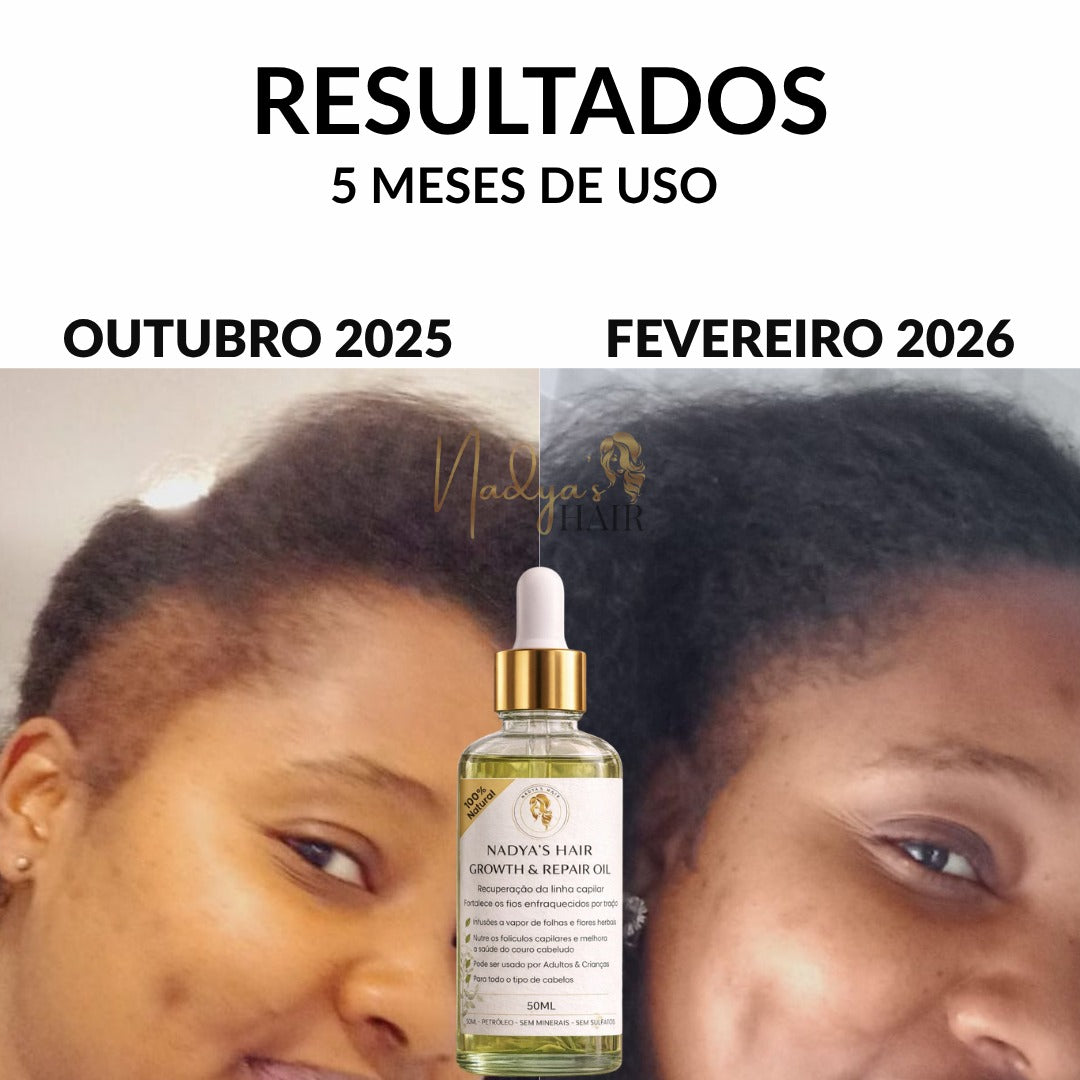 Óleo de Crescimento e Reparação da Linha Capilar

════════════════════

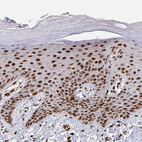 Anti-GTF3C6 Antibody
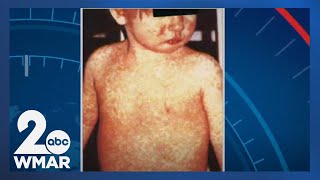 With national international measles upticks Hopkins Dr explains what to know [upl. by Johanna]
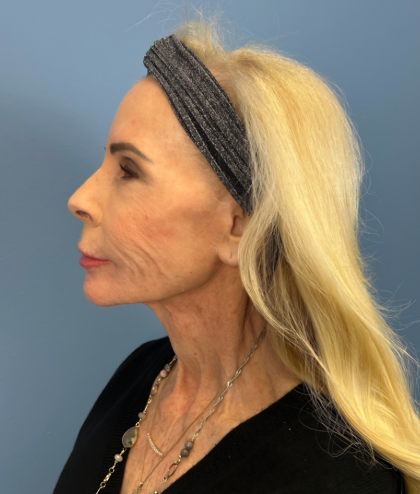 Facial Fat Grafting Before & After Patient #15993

════════════════════

#### TRY IT
Having found the line with "With national international" and the line with "Facial Fat Grafting" in the material above, write out exactly those two and every line between, leaving the pictures out.

#### EXERCISE ANSWER
 With national international measles upticks Hopkins Dr explains what to know [upl. by Johanna]
 Facial Fat Grafting Before & After Patient #15993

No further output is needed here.